Most North Korea watchers have traditionally urged the West not to take the regime’s wild language at face value and have downplayed its military capabilities. Still, following growing provocations from North Korea and it’s launch of four missiles into the Sea of Japan on Monday and claims from Pyongyang the launch was a drill for striking American military bases in Japan some are beginning to take a different line. Chris Hill, a former U.S. diplomat like many of those keeping an eye on the situation see the threat of war by miscalculation is increasing. While many people do not think the Kim regime wants a conflict he may underestimate how much the sabre-rattling has raised the possibility to a new and dangerous level that could accidentally lead towards a broad conflict. Adding to the uncertainty is that just last week South Korean President Park Geun-hye was forced from office plunging the key U.S. ally into political turmoil.
For many years America has pursued a strategy of hoping in time things would get better as the people of North Korea demanded more goods and western style comforts, this was to be the catalyst to move the country towards freedom. When the last foul leader died officials hoped that North Korea’s young leader would prove to be a reformer, instead lines have harden and cooperation has deteriorated. The same people that were once hopeful and counseled we should give the situation time to change are now increasingly worried that Kim Jong-un might blunder his way into a war. Even as they publicly describe his recent bellicose threats as bluster, administration officials have stepped up visible demonstrations of American military power. Currently, all signs coming out of North Korea are not constructive to a peaceful co-existence, it is possible that they have become so delusional and paranoid that there is no turning back.

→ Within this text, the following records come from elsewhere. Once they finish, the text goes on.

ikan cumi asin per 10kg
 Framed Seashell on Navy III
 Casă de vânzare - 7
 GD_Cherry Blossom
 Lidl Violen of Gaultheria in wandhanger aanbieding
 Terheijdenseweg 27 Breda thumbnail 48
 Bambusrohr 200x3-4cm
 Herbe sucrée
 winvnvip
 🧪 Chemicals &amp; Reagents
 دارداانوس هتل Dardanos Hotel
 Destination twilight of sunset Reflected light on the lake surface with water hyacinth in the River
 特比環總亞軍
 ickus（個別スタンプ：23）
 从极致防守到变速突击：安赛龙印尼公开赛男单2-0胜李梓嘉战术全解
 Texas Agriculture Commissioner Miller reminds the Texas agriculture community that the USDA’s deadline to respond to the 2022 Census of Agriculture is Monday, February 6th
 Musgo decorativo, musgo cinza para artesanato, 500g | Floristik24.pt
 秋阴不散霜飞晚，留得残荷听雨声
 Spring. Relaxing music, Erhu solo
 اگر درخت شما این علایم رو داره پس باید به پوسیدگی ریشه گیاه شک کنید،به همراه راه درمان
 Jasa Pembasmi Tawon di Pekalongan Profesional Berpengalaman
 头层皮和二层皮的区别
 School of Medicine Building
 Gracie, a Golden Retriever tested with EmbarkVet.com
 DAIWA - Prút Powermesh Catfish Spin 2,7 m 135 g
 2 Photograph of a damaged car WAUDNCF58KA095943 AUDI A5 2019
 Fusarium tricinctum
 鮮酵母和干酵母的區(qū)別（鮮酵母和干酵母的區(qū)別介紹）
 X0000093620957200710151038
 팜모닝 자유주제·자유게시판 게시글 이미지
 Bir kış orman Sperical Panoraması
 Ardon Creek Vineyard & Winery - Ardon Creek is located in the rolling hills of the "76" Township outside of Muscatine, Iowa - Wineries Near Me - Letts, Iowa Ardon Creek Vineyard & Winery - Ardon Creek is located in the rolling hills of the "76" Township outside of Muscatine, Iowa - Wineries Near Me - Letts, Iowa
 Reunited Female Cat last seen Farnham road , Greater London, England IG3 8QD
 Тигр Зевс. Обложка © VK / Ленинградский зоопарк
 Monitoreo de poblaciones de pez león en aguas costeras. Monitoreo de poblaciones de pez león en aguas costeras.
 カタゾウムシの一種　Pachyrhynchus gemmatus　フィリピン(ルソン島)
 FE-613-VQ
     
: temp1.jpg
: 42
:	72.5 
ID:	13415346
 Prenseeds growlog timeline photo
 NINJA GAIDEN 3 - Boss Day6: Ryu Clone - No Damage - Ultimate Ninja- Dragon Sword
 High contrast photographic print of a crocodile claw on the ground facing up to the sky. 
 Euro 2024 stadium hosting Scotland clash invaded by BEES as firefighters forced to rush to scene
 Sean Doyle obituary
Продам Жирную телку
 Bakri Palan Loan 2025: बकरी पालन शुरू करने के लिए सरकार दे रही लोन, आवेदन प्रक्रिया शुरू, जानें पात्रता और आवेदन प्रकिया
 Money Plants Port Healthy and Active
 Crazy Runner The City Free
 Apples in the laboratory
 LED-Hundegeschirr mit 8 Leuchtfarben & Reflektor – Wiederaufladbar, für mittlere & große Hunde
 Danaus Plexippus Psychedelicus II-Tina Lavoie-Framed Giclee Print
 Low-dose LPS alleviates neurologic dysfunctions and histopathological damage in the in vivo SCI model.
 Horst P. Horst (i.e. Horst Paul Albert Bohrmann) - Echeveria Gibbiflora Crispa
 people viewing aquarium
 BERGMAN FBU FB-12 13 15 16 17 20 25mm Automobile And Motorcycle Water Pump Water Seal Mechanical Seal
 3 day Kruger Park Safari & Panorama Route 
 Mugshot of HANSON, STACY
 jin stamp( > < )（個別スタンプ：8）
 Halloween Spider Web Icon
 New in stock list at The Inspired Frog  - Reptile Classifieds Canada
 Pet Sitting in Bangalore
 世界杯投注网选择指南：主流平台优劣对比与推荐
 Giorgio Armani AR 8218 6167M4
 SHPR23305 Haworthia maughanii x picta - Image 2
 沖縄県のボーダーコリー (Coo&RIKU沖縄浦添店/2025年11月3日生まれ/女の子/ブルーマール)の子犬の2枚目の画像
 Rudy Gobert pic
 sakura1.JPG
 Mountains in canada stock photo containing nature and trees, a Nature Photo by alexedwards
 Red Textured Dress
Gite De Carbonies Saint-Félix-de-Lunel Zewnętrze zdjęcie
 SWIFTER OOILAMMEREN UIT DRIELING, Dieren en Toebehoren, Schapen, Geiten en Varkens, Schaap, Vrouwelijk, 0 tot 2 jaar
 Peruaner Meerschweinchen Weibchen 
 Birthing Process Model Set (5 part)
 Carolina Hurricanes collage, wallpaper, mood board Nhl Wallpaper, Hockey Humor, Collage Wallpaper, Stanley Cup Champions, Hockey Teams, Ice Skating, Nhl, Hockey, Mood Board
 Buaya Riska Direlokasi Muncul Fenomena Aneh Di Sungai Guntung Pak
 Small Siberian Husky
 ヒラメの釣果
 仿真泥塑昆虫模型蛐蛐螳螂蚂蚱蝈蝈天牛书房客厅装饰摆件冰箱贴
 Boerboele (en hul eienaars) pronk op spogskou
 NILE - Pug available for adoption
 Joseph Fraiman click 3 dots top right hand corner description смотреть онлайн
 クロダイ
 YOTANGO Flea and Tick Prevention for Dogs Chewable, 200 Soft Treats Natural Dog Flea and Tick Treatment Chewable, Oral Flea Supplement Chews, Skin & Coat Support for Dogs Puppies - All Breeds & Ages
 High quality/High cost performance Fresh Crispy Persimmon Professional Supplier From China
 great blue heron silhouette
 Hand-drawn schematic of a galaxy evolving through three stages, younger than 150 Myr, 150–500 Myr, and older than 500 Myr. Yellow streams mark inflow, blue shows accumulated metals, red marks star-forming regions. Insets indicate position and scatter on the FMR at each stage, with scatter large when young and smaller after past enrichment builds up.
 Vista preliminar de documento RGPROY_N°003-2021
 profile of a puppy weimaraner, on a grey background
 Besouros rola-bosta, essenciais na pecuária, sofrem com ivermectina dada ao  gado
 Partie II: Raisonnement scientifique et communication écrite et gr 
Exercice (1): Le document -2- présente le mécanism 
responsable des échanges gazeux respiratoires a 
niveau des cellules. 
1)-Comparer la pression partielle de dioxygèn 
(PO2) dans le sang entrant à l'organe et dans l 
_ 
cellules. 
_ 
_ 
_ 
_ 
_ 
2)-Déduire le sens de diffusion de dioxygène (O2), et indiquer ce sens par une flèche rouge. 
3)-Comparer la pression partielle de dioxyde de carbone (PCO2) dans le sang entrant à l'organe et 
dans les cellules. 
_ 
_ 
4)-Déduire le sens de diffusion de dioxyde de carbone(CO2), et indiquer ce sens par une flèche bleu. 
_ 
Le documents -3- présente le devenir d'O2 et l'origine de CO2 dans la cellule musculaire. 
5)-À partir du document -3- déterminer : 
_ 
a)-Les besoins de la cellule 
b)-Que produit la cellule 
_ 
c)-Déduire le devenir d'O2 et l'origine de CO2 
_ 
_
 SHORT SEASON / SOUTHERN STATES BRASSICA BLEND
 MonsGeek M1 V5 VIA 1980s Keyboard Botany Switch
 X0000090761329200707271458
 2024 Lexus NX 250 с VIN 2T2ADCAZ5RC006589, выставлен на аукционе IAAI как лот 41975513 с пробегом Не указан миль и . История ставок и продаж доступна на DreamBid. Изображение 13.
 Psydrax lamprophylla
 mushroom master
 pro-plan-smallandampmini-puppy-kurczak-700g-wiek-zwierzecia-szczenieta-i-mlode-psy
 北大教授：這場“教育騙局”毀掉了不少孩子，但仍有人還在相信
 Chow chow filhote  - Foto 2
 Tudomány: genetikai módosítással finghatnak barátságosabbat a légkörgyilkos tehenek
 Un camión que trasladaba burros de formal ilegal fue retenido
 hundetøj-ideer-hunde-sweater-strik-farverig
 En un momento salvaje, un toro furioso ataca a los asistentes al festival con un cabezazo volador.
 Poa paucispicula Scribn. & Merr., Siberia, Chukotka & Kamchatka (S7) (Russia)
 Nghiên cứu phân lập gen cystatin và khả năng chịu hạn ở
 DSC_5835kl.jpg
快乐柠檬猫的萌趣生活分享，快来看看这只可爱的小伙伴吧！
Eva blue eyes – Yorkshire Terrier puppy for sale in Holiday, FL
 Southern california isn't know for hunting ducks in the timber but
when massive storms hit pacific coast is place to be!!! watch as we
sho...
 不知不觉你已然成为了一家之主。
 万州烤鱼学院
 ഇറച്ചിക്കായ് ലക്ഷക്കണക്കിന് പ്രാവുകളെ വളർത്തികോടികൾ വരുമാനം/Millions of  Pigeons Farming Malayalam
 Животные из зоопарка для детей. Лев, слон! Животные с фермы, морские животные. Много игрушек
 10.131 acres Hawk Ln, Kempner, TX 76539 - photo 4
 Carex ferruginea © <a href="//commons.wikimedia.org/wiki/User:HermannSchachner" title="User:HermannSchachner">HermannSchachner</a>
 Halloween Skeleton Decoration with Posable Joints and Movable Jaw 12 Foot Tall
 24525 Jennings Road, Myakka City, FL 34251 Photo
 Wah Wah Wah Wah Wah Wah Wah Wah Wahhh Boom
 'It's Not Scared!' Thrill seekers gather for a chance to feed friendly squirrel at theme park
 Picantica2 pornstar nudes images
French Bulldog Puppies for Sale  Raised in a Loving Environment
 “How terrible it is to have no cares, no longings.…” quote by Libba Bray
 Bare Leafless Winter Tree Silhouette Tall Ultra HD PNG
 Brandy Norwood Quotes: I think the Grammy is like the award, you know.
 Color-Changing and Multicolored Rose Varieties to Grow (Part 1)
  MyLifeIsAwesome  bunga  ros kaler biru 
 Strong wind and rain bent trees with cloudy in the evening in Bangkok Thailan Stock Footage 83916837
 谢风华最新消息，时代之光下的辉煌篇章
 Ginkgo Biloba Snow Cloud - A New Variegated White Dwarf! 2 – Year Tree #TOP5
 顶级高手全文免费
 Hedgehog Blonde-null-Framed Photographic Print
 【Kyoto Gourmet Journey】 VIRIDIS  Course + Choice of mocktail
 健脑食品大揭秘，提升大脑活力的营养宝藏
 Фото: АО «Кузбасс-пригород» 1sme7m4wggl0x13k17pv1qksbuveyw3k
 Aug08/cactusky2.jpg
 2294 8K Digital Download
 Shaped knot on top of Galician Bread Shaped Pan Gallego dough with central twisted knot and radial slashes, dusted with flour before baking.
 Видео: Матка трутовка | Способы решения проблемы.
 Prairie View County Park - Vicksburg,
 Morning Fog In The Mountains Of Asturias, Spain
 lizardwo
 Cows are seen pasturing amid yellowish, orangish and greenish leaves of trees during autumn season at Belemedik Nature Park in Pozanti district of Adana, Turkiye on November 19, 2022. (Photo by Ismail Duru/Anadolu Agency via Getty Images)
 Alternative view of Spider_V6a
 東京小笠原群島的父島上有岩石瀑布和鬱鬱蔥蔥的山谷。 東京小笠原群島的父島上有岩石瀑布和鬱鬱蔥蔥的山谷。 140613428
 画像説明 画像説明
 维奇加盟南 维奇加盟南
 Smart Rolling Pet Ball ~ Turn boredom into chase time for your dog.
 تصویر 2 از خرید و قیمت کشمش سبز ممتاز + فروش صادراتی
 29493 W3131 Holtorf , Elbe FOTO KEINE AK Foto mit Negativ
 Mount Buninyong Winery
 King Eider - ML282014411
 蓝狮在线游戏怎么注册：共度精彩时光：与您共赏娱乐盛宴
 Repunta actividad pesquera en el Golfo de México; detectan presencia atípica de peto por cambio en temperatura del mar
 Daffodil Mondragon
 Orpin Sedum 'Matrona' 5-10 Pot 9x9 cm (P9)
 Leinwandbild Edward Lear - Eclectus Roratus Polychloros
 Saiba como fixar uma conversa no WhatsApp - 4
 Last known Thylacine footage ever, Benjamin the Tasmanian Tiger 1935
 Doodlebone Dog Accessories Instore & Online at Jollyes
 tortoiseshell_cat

The real problem is how best to resolve the issue before it becomes a full-blown crisis. For years many “tough guy Americans” have seen the answer as to, just “Nuke the bastards,” but this is easier said than done and has some huge negative ramifications. In the current political environment, even an attack from the North that falls well short of anything nuclear will probably provoke what might be considered a very harsh response. While there are still many people in the West, who because of its long history of bellicose rhetoric and threats have come to discount the threat of North Korea as a joke doing so could be a big mistake. This situation highlights the difficulties of dealing with rogue nations. We should not be downplaying this threat and it is possible we may be facing a watershed event that makes limited nuclear war commonplace.
None of us has any real knowledge of the motivation, or how years of propaganda have affected the average North Korean soldier. Several times in history the ink has only begun to dry on a peace accord before one of the participant attacks totally unprovoked and this means what may happen is often hard to predict. Forthcoming events may well dictate and set in motion war game scenarios that have been played out hundreds of time and are to be used as a blueprint for our future actions. It is very important America and people throughout the world realize and internalize the potential for a million or more dead North Koreans and many of their neighbors to the south, this does make this situation dire indeed. There should be little doubt the situation in Korea has the potential in a very short time to make the events having taken place in Syria over the years appear tame by comparison.